Bénifontaine is a small village just north of Lens, in northern France. The area has been known for coal mining and farming but it is brewing today that provides the claim to fame.


Ch'ti BlondeIn 1926, three brothers named Delomel opened a brewery here. It operated for forty years before being sold to Roland Castelain, who renamed it and then passed it on to his children in the 1970s.

It wasn't a big concern to inherit. Production was low and times were tough but under the regime of Yves and Annick Castelain, the brewery gained a new lease of life, largely due to the introduction of a different type of beer.

This area of France is the home of bière de garde, a type of top-fermented beer that takes its name from the long period of conditioning – the 'garde' – it is allowed at the brewery before going on sale.

In 1979, Yves added a new slant on the style by creating a blond version. It was initially offered as a Christmas special, brewed with premium ingredients and conditioned for six weeks, and then became a year-round brew. The future of the brewery changed for the better at that moment.

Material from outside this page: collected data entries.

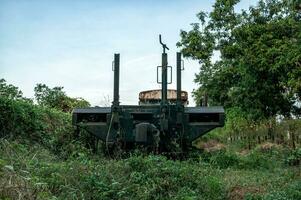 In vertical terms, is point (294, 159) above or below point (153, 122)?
below

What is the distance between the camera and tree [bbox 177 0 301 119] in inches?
1006

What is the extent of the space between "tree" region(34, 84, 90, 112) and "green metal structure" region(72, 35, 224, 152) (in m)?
12.3

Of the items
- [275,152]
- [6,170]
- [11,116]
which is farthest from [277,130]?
[6,170]

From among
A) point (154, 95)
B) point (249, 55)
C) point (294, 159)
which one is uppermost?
point (249, 55)

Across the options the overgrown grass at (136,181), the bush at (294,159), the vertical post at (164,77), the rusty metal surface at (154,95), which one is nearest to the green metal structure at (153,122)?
the vertical post at (164,77)

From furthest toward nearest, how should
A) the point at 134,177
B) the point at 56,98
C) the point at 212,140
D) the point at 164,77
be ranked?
1. the point at 56,98
2. the point at 212,140
3. the point at 164,77
4. the point at 134,177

Ch'ti Blonde is a delightful beer. Its peculiar and unflattering name is derived from the local dialect word for a northerner and, along with its near-neighbour Jenlain Ambrée, I seek it out whenever I am in France.

Seductive Appearance

The appearance is seductive, the deep yellow colour resulting from the pilsner malt and wheat malt used in the mash tun, although there is a little darker malt in the mix, too.

The aroma is delicately spicy, with sweet, hay-like malt notes leading the way. These promise a sweet taste and that is then delivered right from the first sip.

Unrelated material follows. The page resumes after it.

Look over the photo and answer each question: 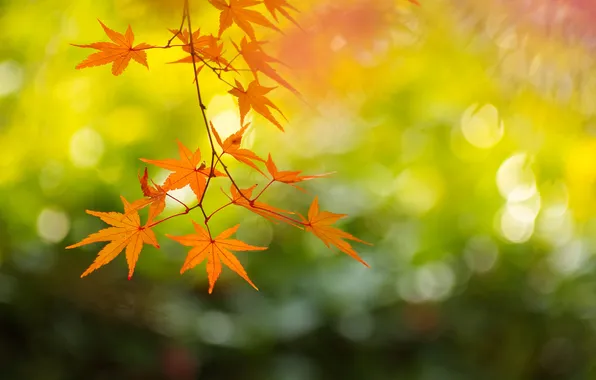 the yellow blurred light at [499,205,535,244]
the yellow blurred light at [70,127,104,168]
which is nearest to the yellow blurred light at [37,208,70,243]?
the yellow blurred light at [70,127,104,168]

Some people may find the beer a touch too sweet, and it does have a syrupy texture, but cutting through the sweetness is generous carbonation and a mild herbal bitterness derived from the use of four hops.

The varieties are kept secret but I am told that two come from Flanders and two from eastern Europe.

Honey-like notes run through the taste, but with a coriander-like spiciness for balance, and then bitterness slowly builds in the full finish that offers gentle herbal notes and a peppery warmth.

At 6.4% alcohol, and as clean as a whistle thanks to the long conditioning, this is a rich, satisfying beer that has justly brought success to this family-run brewery.